Illustration by Melanie Snead
Cynthia Newbille grew up in Whitcomb Court, part of the East End community where she has served as 7th District representative on Richmond City Council since 2009. Newbille, who has dedicated her career to solving challenges in areas such as education and public health, is one of nine recipients of this year's YWCA of Richmond Outstanding Women Awards, to be presented on April 27. On a drizzly Saturday, Newbille points at construction near North 25th Street and Nine Mile Road, a site that will be transformed into the Church Hill North retail center by year’s end. Soon, a grocery store, culinary school and health center will be within reach of residents in an area currently defined as a food desert. It’s a sign of progress, Newbille says.
The city’s most urgent priority is education, as well as public safety and public health — and they’re intimately intertwined.
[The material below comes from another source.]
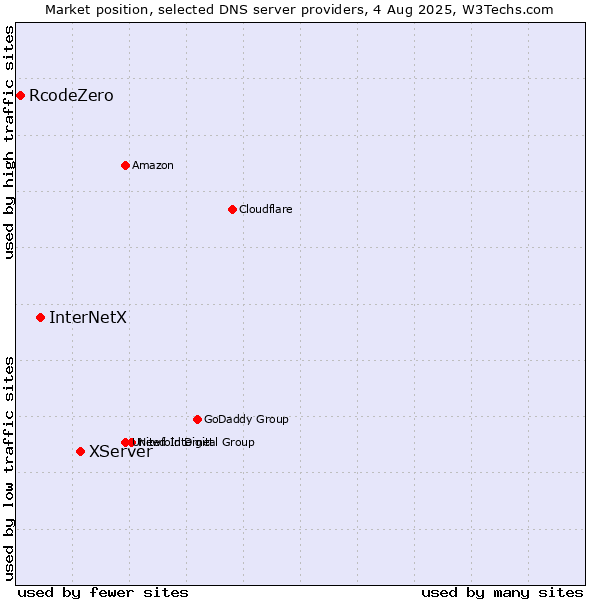 Market position of XServer vs. InterNetX vs. RcodeZero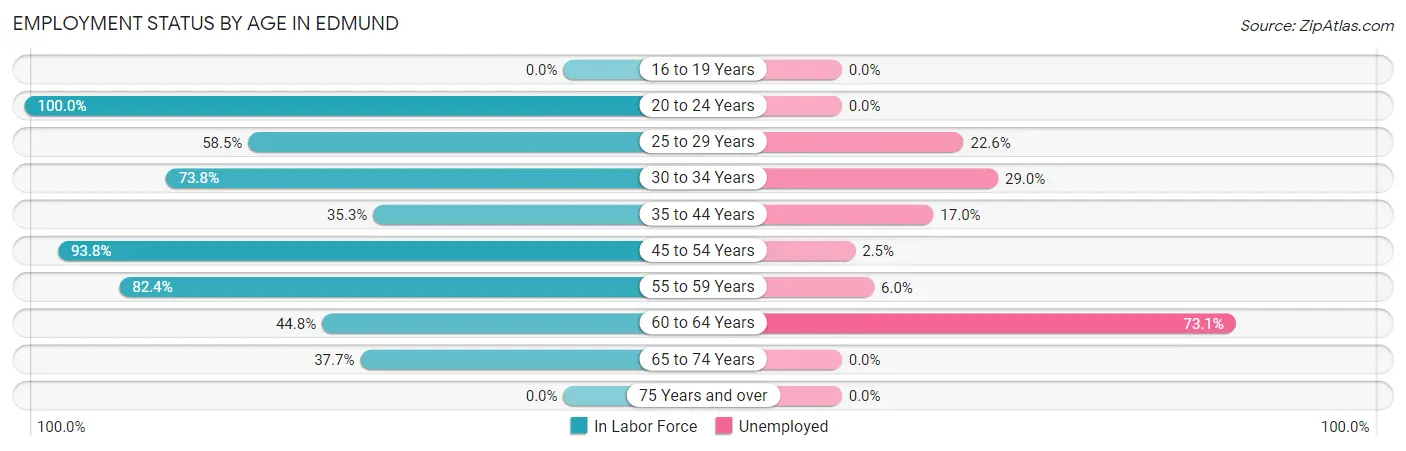Employment Status by Age in Edmund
The biggest challenge I face on City Council is while we’re a phenomenal city … one out of four persons who reside in our community is in poverty. That’s a challenging backdrop, but therein also lies the opportunity to work together to figure out how to ensure we have the revenue to address this myriad of challenges, and how do we prioritize.
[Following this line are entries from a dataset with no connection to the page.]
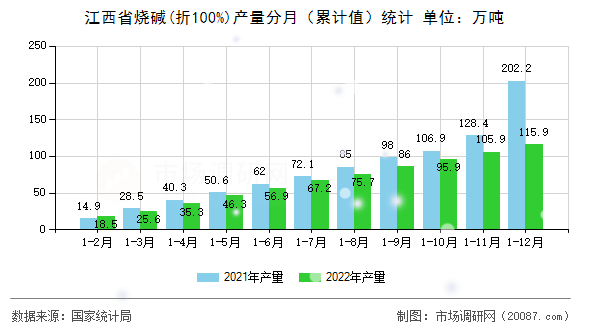 江西省烧碱(折100%)产量分月（累计值）统计
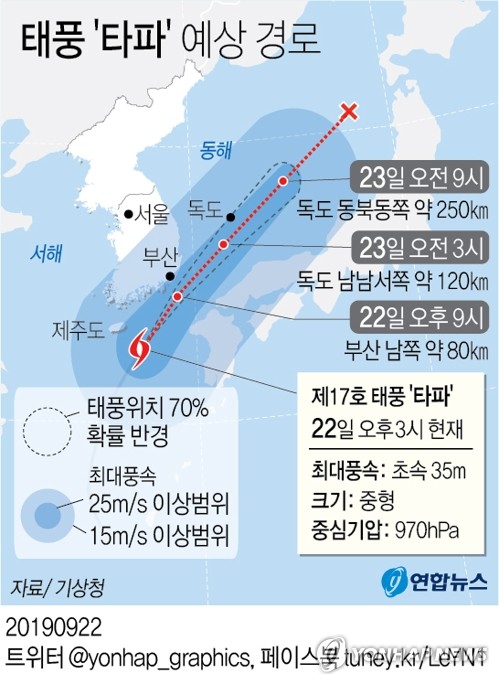 강풍에 폭우까지…태풍 '타파' 북상에 강원지역 피해 속출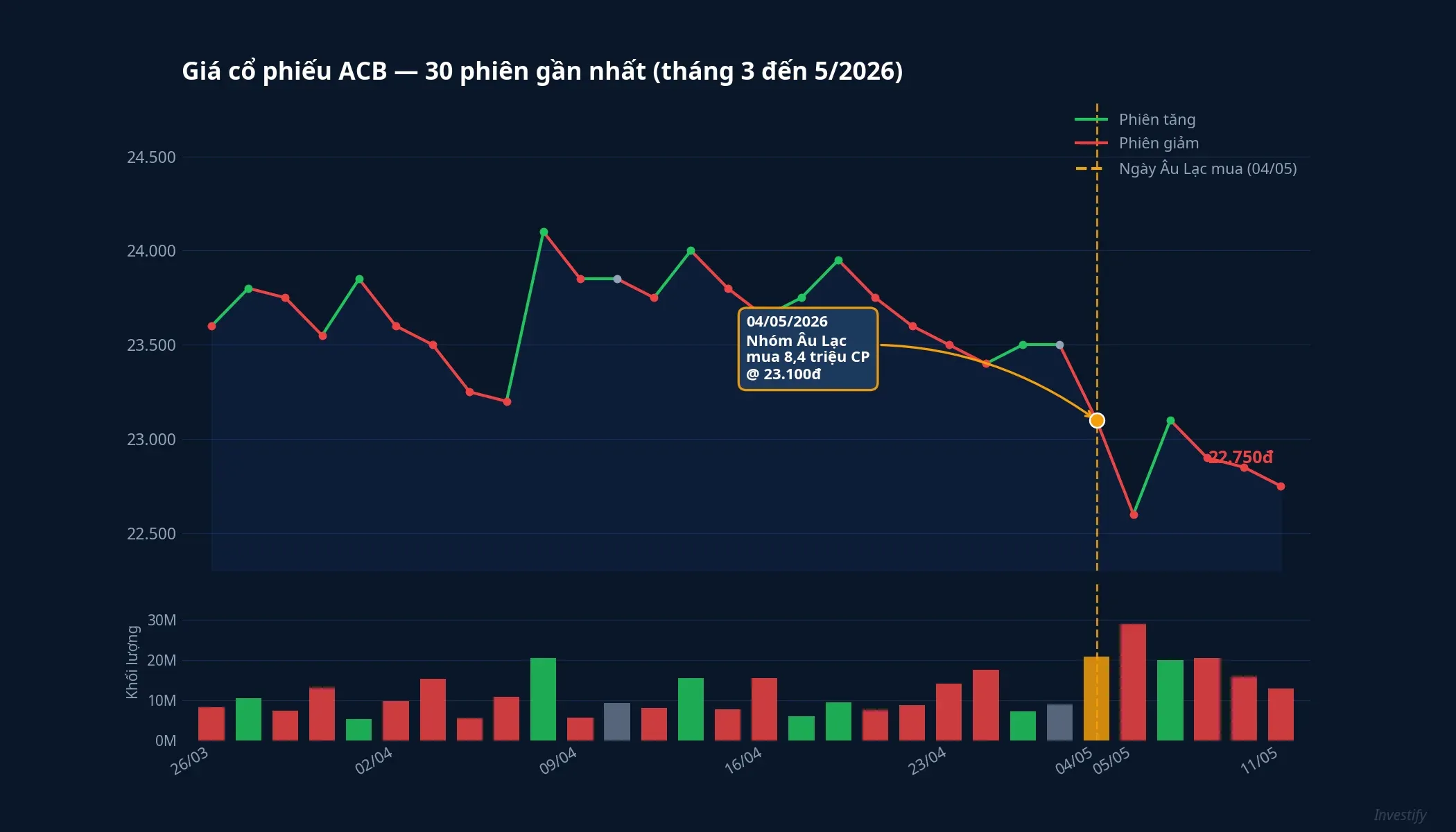 Giá cổ phiếu ACB 30 phiên gần nhất, đánh dấu giao dịch ngày 4/5/2026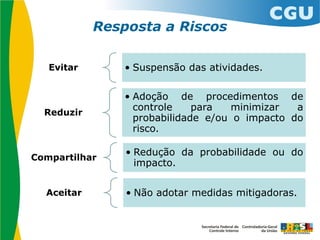 Resposta a Riscos
Evitar • Suspensão das atividades.
Reduzir
• Adoção de procedimentos de
controle para minimizar a
probabilidade e/ou o impacto do
risco.
Compartilhar
• Redução da probabilidade ou do
impacto.
Aceitar • Não adotar medidas mitigadoras.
I live in the East End. I could walk here, to Front Porch [Café]; I live right off Nine Mile Road on 27th [Street].
Something people should know about me is I’m a vegetarian.
I never get tired of listening to and trying to resolve citizen and community concerns and challenges.
The book I’m reading now is “Just a Sister Away: A Womanist Vision of Women’s Relationships in the Bible” by Renita J. Weems.
I ran for public office because it’s truly an opportunity to serve a community and city that I grew up in, attended school in, worked in … I went off to college and had the opportunity to work in different places, but coming back home in ’96, and coming back to work in the district — the opportunity presented itself when [former council member Delores] McQuinn went on to serve in the General Assembly.
I find inspiration in so many people whose shoulders I stand on from the past and the present who were tirelessly, fearlessly, with so few resources, making sacrifices to accomplish so much. … There’s so many of them: sheros, heroes, I could go through a list of them, but we’d be here until tomorrow.
One of my proudest moments is being one of the six founders of the SisterFund giving circle. It’s the Community Foundation’s third giving circle, where we decided to pool our resources so we could have greater impact, in terms of supporting nonprofit organizations that really work to empower and elevate African-American girls and women throughout the city. We were established in 2015 and made two annual grants — $20,000 each year — and we’re gearing up for our third grant process this year.
When all else fails, I pray, I plan, I proceed.